Internship in Latvian Fund of Nature 2021: Ella Christie

“With travel being so uncertain over the last year, I jumped at the chance to travel to Latvia for this internship. I had never been to the Baltic’s before and LFN provided the perfect opportunity: to get to visit a new country and work in conservation, two of my favourite things. I am a masters student on the Erasmus Mundus program in Digital Earth and have a bachelors in wildlife conservation and zoo biology.

I believe that there is still a big gap in conservationists using geospatial research for their work. Spatial analysis and mapping can provide important information to help in decision making. It can be used to assess habitat quality, environmental conditions, locate suitable areas for conservation purposes to name a few.
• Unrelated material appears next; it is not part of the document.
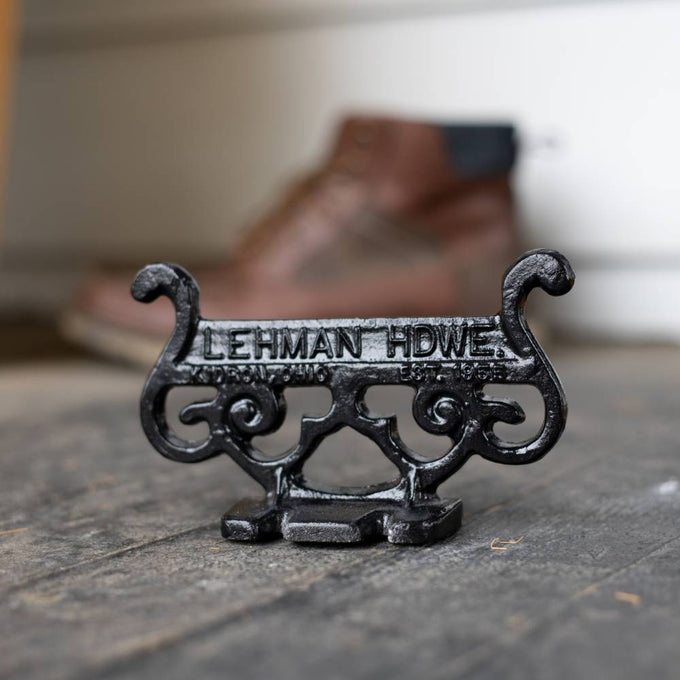 Close-up of a glossy black cast aluminum boot scraper with vintage scroll design and raised lettering, handcrafted by Amish artisans, placed on a rustic floor near a brown boot, ideal for Home & Decor and USA Made collections.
That led me to conduct some work of my own during this internship. Using only a layer showing the locations of urban meadows in Riga municipality, I was able to create a series of maps which showed the land cover of the meadows and surrounding areas, as well as performing some locational analysis which outlined some potential locations for urban meadows in the future. With further data these maps could be used to show a time series of habitat connectivity and land cover change in Riga municipality over time.
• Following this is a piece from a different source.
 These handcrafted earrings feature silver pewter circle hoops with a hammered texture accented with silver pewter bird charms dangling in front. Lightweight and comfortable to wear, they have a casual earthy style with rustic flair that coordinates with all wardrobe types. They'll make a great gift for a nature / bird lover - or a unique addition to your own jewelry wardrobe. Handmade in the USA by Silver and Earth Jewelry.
Although I have experience working in conservation, vegetation monitoring and plant identification were not areas where I had a lot of background knowledge. Plant identification was something I was interested in learning more about which I had the perfect opportunity to do during this internship.
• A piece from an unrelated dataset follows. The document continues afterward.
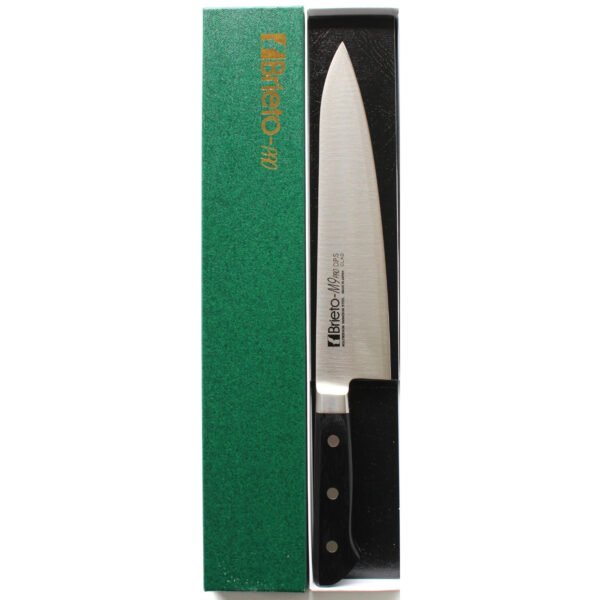 A chef knife displayed in a green box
I was one of five interns here for the summer and the last to arrive. The social aspect of this internship was great, we lived in two apartments just around the corner from each other so were able to meet up on weekends to explore Riga together. Monthly intern trips were organised which allowed us to explore other areas of Latvia and spend even more time together as a group.

Latvia’s meadow and grassland habitats have a hugely understated beauty. At first glance one might just see an open field. However, the more you focus the more you begin to understand just how magical these habitats are. Blossoming flowers from a wealth of different plants, bees, butterflies and damselflies darting around in great numbers, these habitats bring a real sense of calm. This was a very practical position, with almost all of my time spent outdoors in nature, exploring meadows and the wildlife within them. Expect a lot of surveying, seed collection…and horseflies. The two main tasks assigned to me were to assist win the monitoring and assessment of urban meadows in Riga municipality to help formulate management plans for each location and to help monitor and collect seeds for the square meter project. We conducted transects at every site we visited to better understand the current state of the habitat and monitor grassland plant species. Another big part of my job was collecting seeds from a variety of meadow species to make seed packets which will be distributed to the public for sowing. This greatly improved my identification skills, particularly being able to recognise several species at their different life stages to be able to collect seeds when they were ready to disperse.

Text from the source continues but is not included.